**WHAT THIS TASK INVOLVES:** When you reach the line containing "I also use the", start transcribing exactly and continue through the last line of the data, skipping every picture.

**Data excerpts:**
== Segment start ==

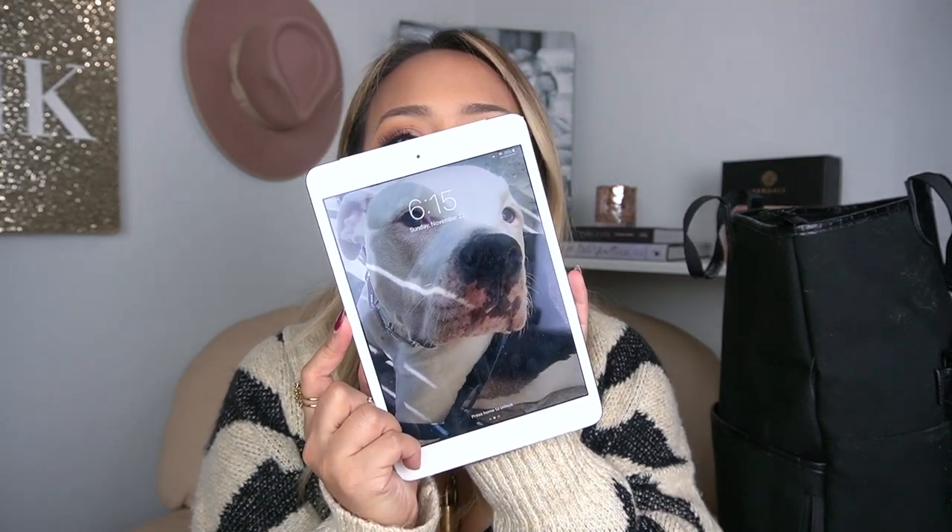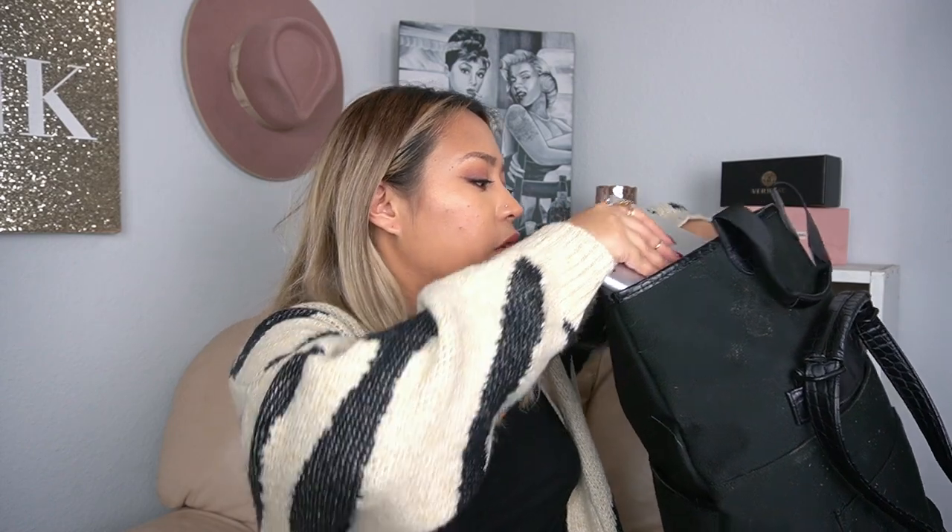Next, because I want to entertain myself on the road without draining my phone battery, I'm going to bring my iPad — I think it's an iPad Air. On my lock screen is Spartacus, my dog — he's just so handsome. I don't keep a case on it since I don't use it much unless I'm traveling, and I have a pop socket on the back. I'm packing this into the laptop compartment. I am bringing my laptop on the trip too for editing Vlogmas, but that goes in a different bag.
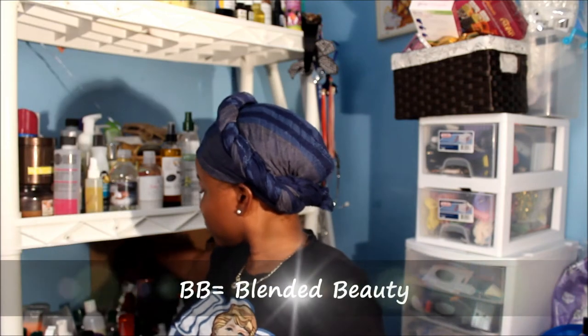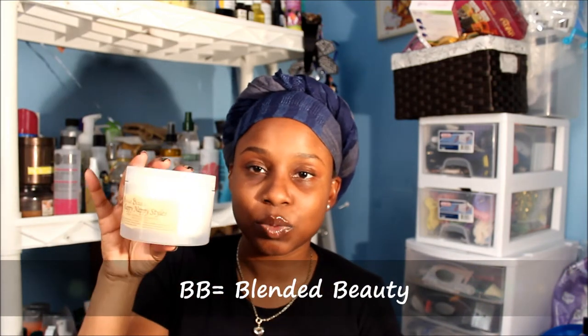I also use the BB Happy Nappy Styles by Blended Beauty — this smells like Cinnamon Toast Crunch, I love the smell. I use this every time after I wash or co-wash my hair, using the LOC method. It definitely serves as a moisturizer and it came in my curl collection box. I haven't done a review on it yet but it's a pretty good product. And of course water is a free moisturizer.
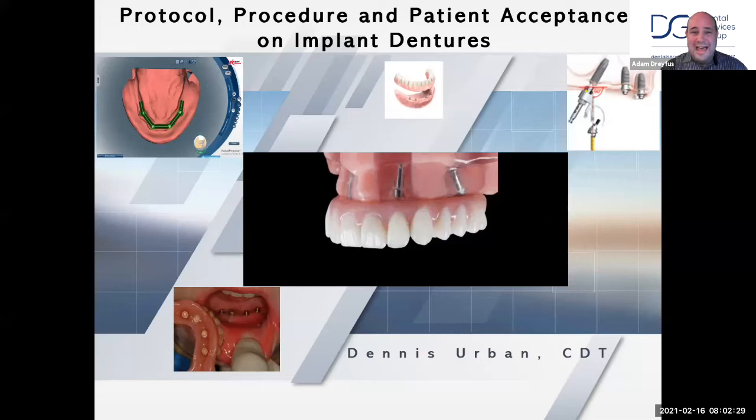I'm Adam Dreyfus, your local representative here to help you in any way possible. We thank you for choosing DSG as your partner today, tomorrow, and for the future. Education is a major part of the dental industry, and we hope that you will continue to join these courses and many more that we are putting on.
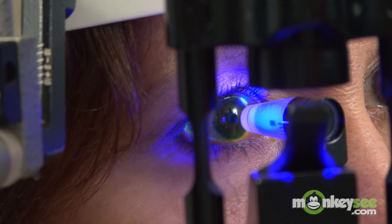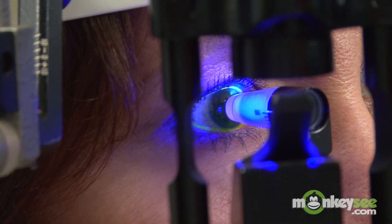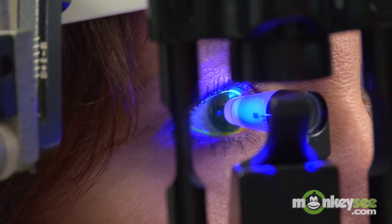Most current AMD treatments are geared toward slowing the progression of vision loss from the disease and minimizing the risk of developing more advanced forms of the disease.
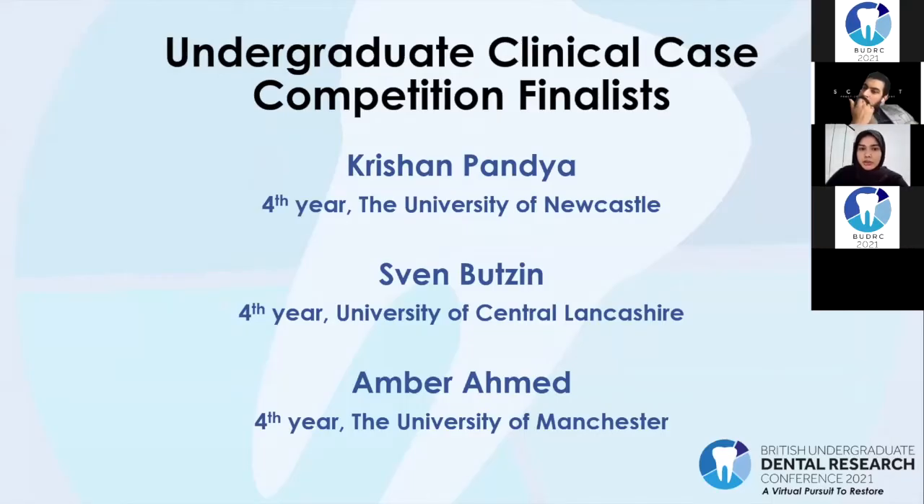Thank you to everyone who took part by submitting an entry, as we received lots of amazing entries from all dental schools. I now have the pleasure of introducing our three finalists for the clinical case competition, who are all in their fourth year of dental school. In no particular order, our finalists are Krishan Pandya, Sven Butson, and Amber Ahmed.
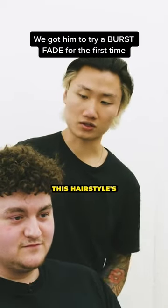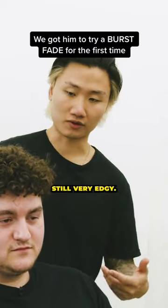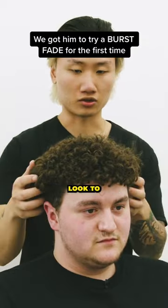How old are you now? I'm 20. Gotcha. So this hairstyle is pretty cool. I think it's still very edgy. You don't need to look too professional yet.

== Segment end ==

**RESPONSE TO THIS TASK:**
I also use the BB Happy Nappy Styles by Blended Beauty — this smells like Cinnamon Toast Crunch, I love the smell. I use this every time after I wash or co-wash my hair, using the LOC method. It definitely serves as a moisturizer and it came in my curl collection box. I haven't done a review on it yet but it's a pretty good product. And of course water is a free moisturizer.
I'm Adam Dreyfus, your local representative here to help you in any way possible. We thank you for choosing DSG as your partner today, tomorrow, and for the future. Education is a major part of the dental industry, and we hope that you will continue to join these courses and many more that we are putting on.
Most current AMD treatments are geared toward slowing the progression of vision loss from the disease and minimizing the risk of developing more advanced forms of the disease.
Thank you to everyone who took part by submitting an entry, as we received lots of amazing entries from all dental schools. I now have the pleasure of introducing our three finalists for the clinical case competition, who are all in their fourth year of dental school. In no particular order, our finalists are Krishan Pandya, Sven Butson, and Amber Ahmed.
How old are you now? I'm 20. Gotcha. So this hairstyle is pretty cool. I think it's still very edgy. You don't need to look too professional yet.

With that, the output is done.